/---

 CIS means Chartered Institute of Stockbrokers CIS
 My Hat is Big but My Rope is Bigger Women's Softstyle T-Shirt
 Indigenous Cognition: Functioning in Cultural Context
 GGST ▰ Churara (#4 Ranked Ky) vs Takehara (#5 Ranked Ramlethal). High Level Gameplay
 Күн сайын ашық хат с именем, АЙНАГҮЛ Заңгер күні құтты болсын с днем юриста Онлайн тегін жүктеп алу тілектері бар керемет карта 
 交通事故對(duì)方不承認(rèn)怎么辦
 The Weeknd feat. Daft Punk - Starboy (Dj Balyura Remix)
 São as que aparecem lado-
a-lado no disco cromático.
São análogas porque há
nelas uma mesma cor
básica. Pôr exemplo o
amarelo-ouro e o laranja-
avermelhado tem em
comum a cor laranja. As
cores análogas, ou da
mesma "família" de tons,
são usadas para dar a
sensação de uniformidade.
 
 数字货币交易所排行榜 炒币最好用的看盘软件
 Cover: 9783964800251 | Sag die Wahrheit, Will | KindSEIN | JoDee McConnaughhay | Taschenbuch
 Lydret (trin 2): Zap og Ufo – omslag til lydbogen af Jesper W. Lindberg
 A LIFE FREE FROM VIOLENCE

\---

* [What to do] For this exercise, the answer is the lines from the one containing "avermelhado tem em" through the end of the listing above, reproduced exactly.

* [Solution to this problem]
avermelhado tem em
comum a cor laranja. As
cores análogas, ou da
mesma "família" de tons,
são usadas para dar a
sensação de uniformidade.
 
 数字货币交易所排行榜 炒币最好用的看盘软件
 Cover: 9783964800251 | Sag die Wahrheit, Will | KindSEIN | JoDee McConnaughhay | Taschenbuch
 Lydret (trin 2): Zap og Ufo – omslag til lydbogen af Jesper W. Lindberg
 A LIFE FREE FROM VIOLENCE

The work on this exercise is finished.